About this exercise: Each entry below should be written out exactly as it is, with no pictures.

Image-text web data:
-=-=-
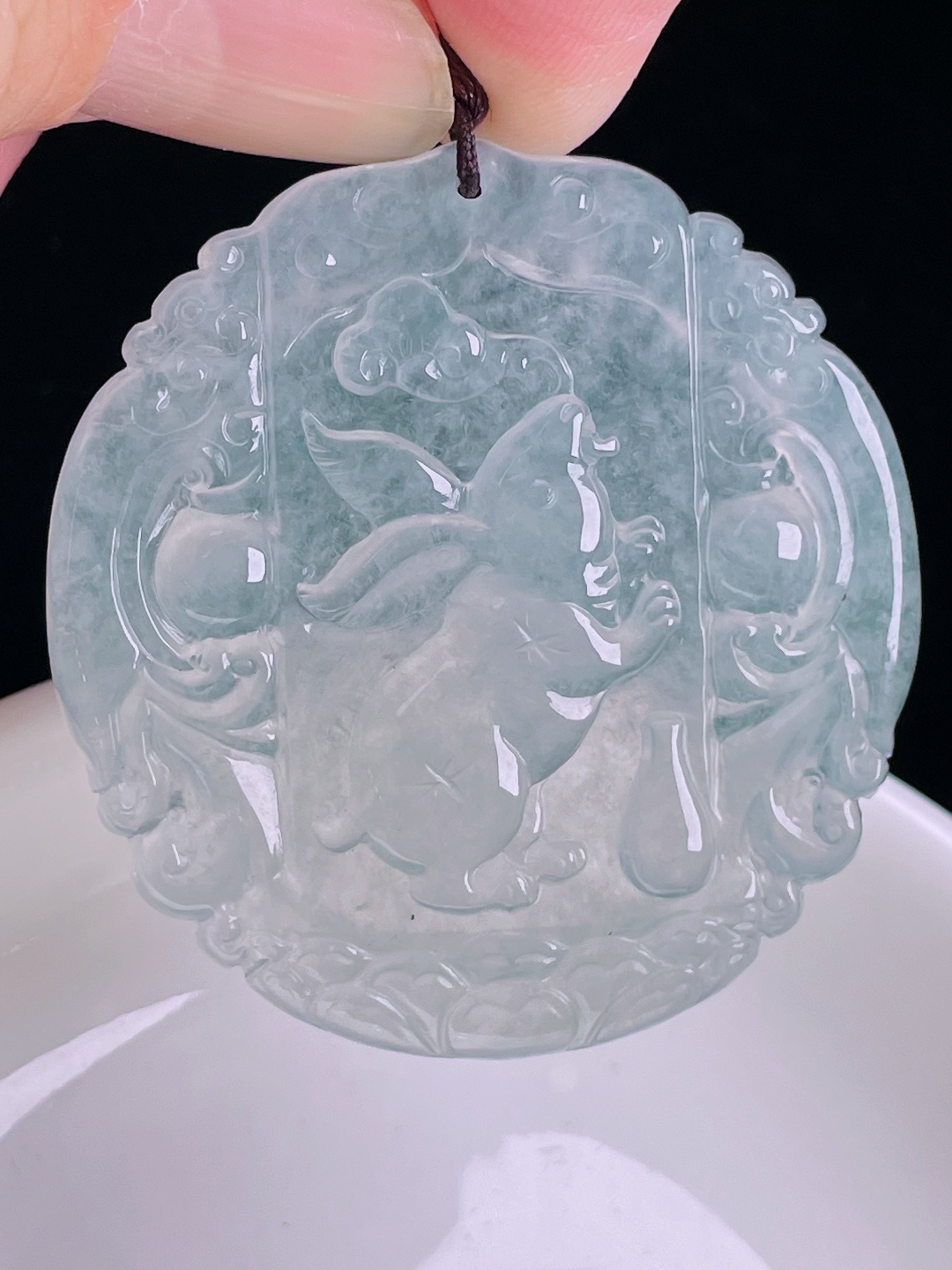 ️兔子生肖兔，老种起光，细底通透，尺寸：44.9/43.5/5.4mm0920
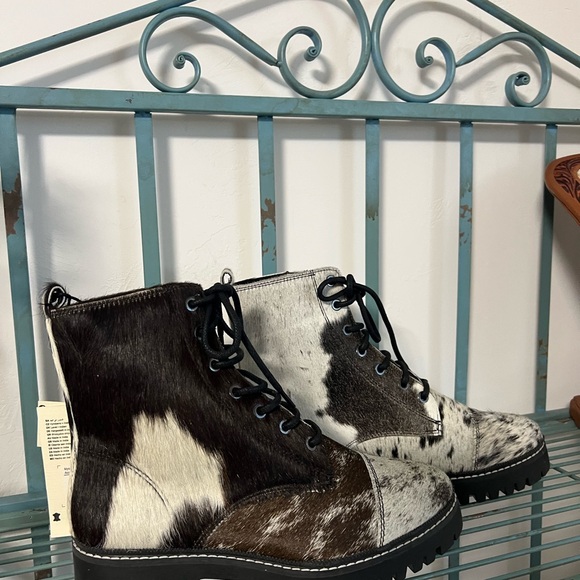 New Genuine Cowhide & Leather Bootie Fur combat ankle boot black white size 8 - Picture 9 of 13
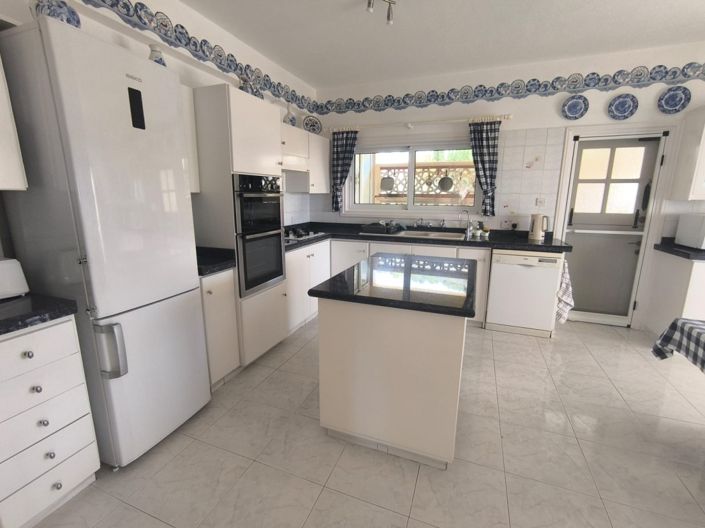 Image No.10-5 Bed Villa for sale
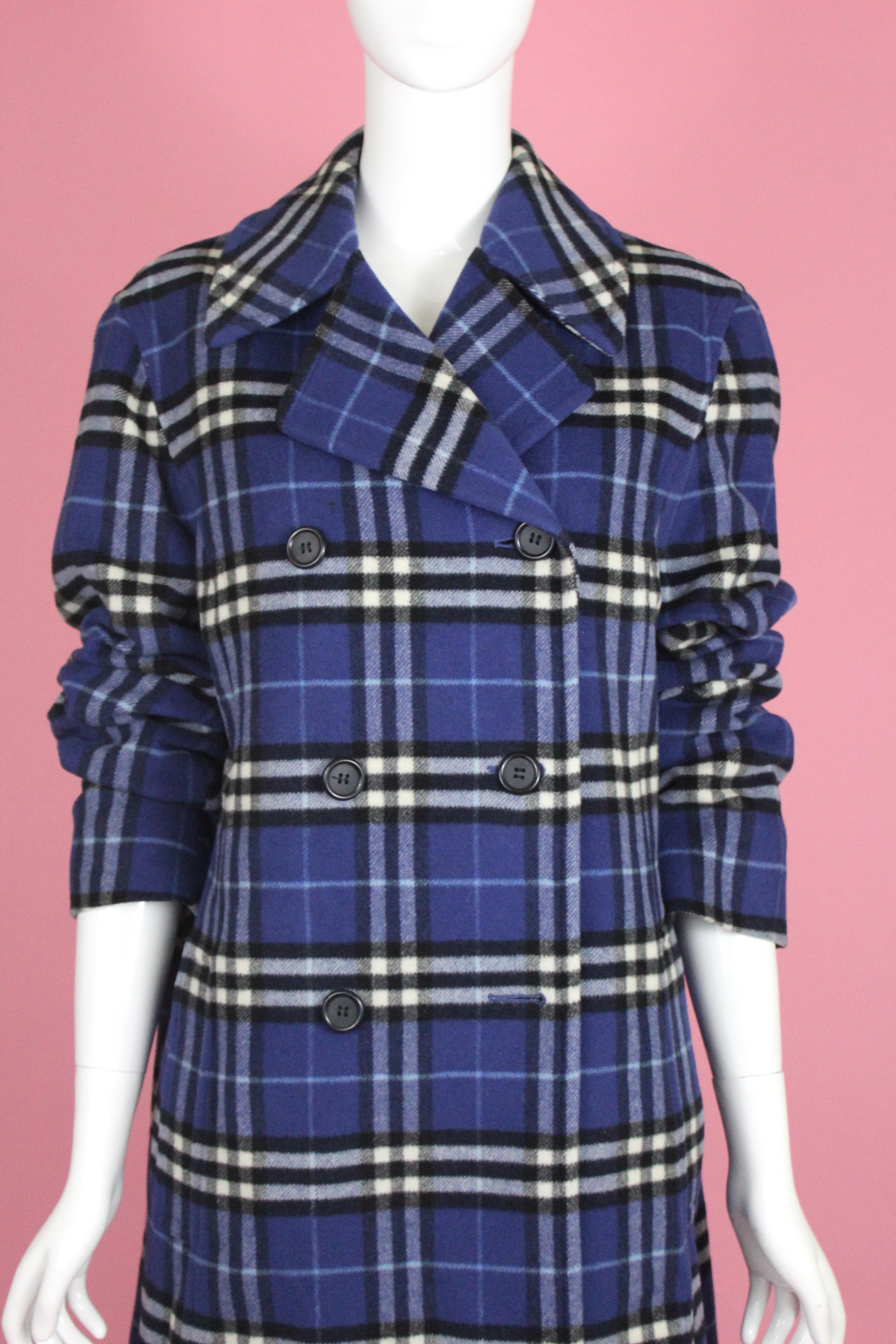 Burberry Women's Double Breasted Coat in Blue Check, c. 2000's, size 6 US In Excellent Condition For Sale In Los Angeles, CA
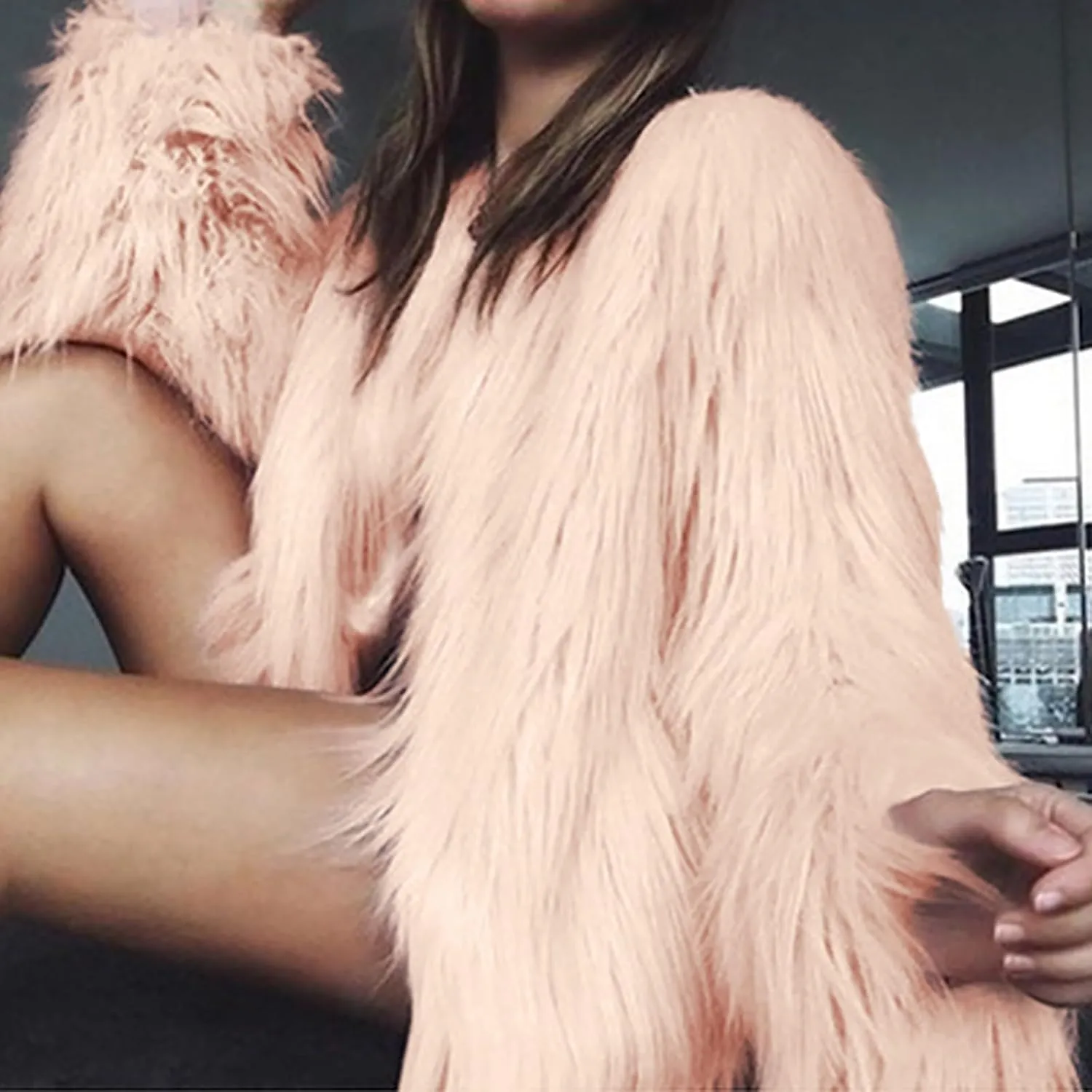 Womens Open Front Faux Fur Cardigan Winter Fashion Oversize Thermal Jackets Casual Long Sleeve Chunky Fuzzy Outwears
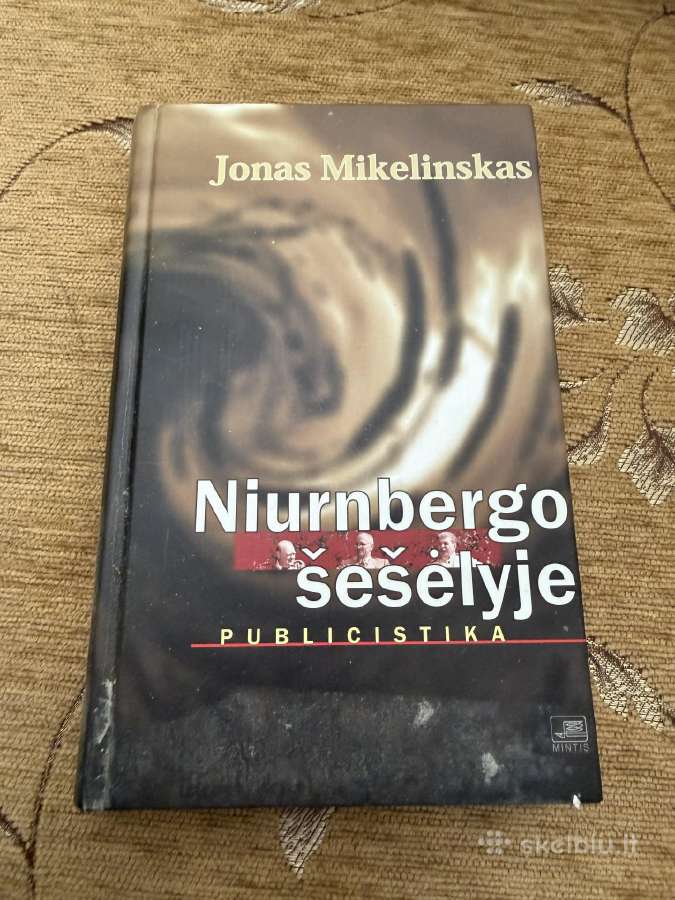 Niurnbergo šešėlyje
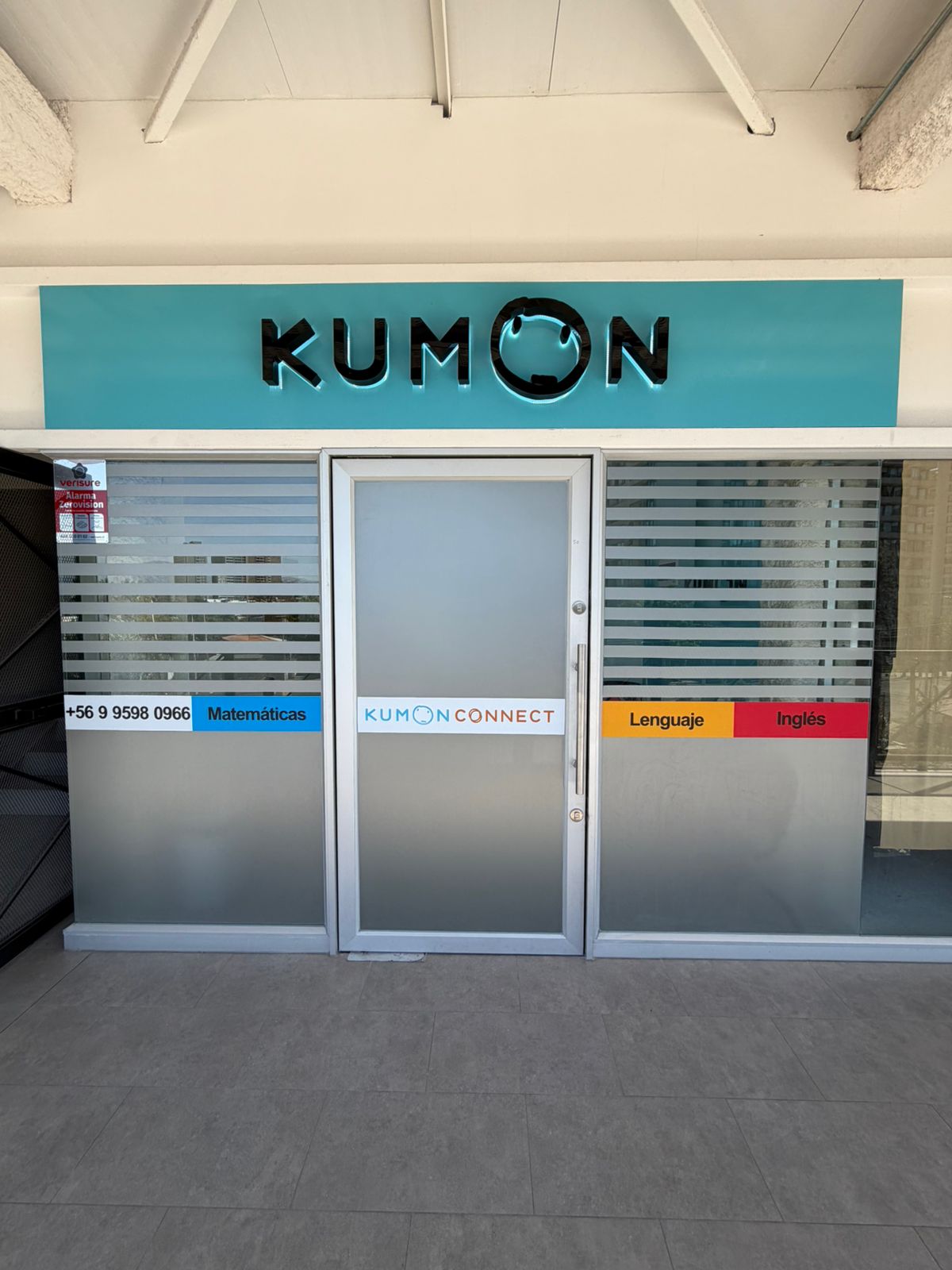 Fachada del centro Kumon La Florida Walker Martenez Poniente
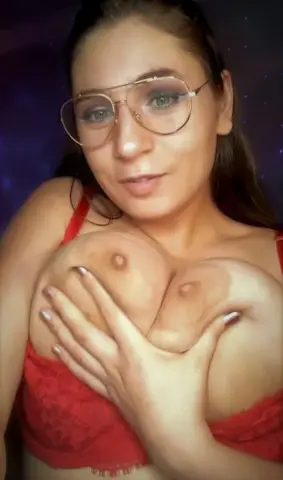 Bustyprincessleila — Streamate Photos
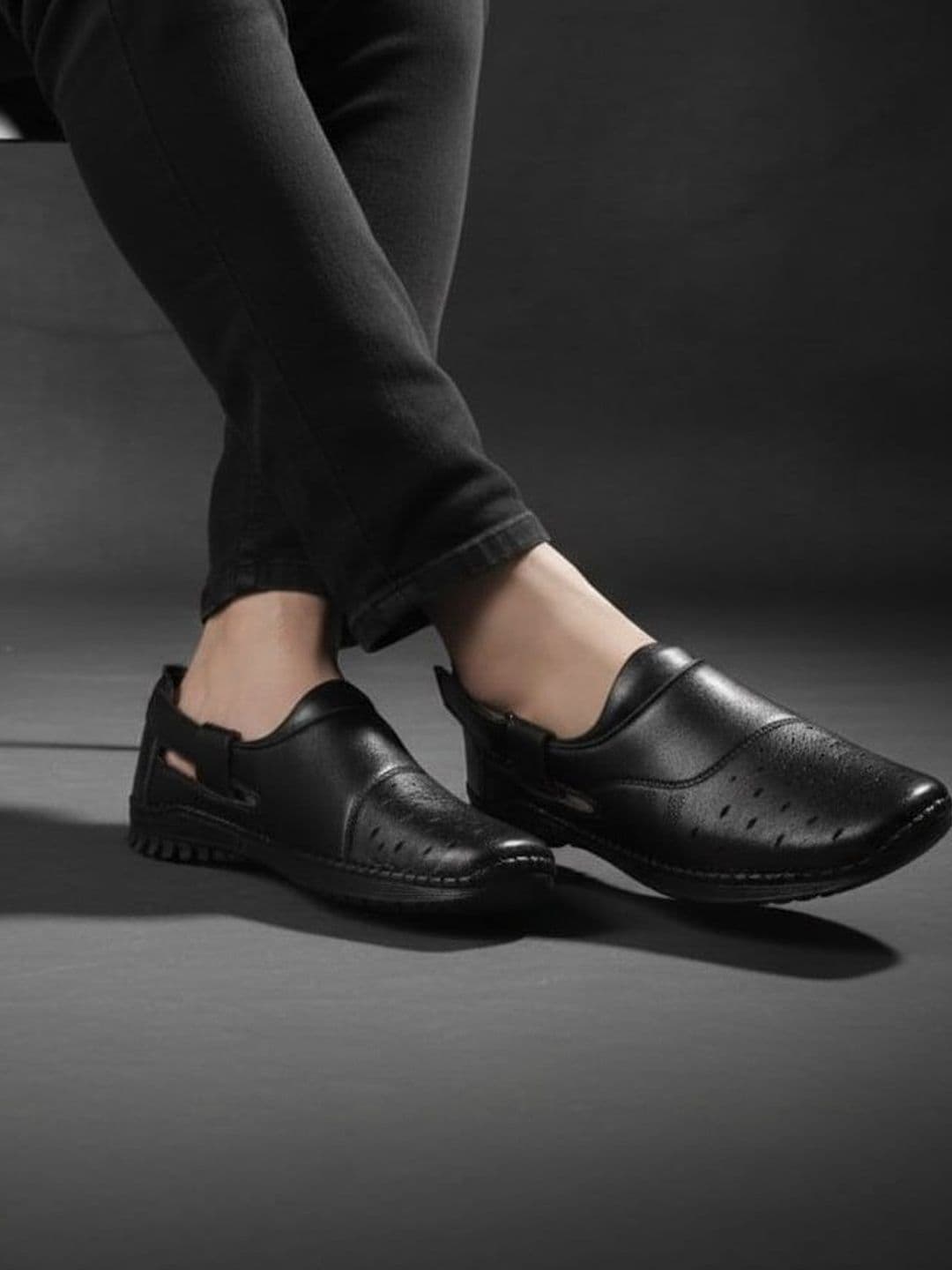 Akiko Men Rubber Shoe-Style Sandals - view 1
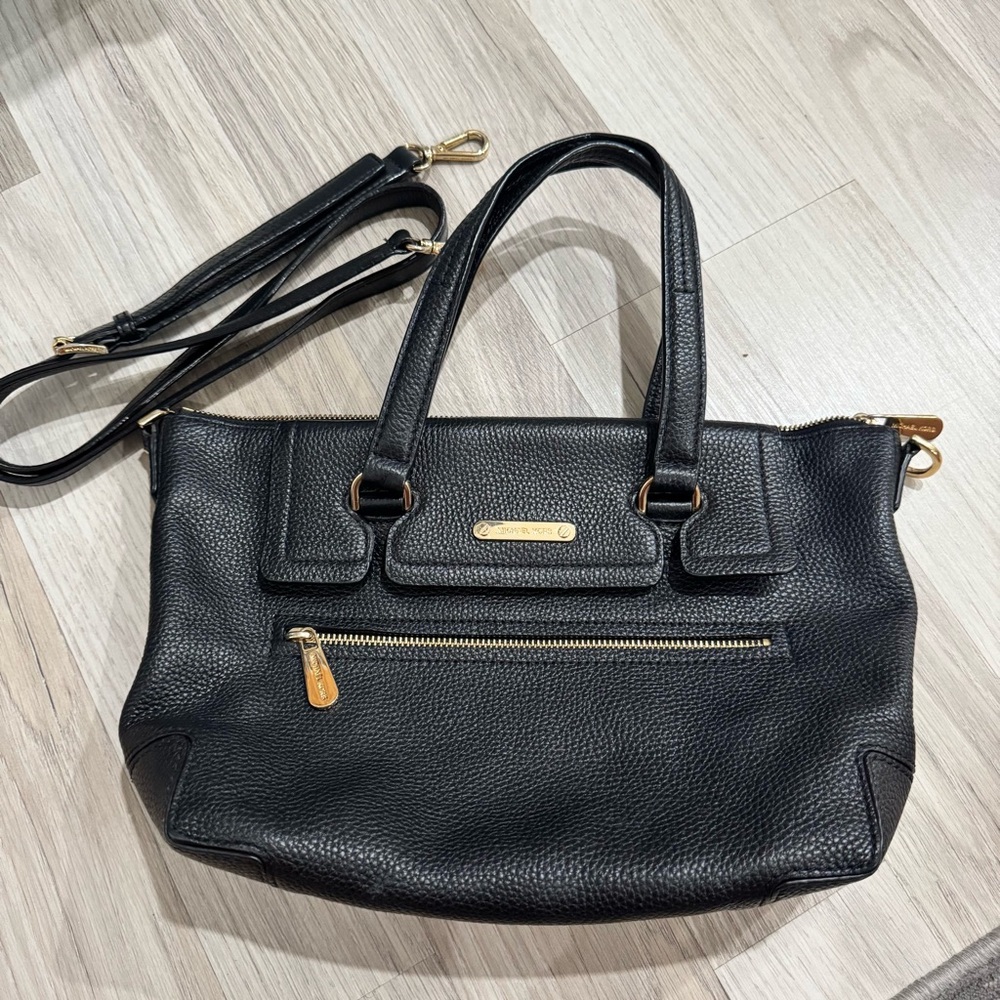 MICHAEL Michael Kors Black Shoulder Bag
-=-=-
Written solution:
 ️兔子生肖兔，老种起光，细底通透，尺寸：44.9/43.5/5.4mm0920
 New Genuine Cowhide & Leather Bootie Fur combat ankle boot black white size 8 - Picture 9 of 13
 Image No.10-5 Bed Villa for sale
 Burberry Women's Double Breasted Coat in Blue Check, c. 2000's, size 6 US In Excellent Condition For Sale In Los Angeles, CA
 Womens Open Front Faux Fur Cardigan Winter Fashion Oversize Thermal Jackets Casual Long Sleeve Chunky Fuzzy Outwears
 Niurnbergo šešėlyje
 Fachada del centro Kumon La Florida Walker Martenez Poniente
 Bustyprincessleila — Streamate Photos
 Akiko Men Rubber Shoe-Style Sandals - view 1
 MICHAEL Michael Kors Black Shoulder Bag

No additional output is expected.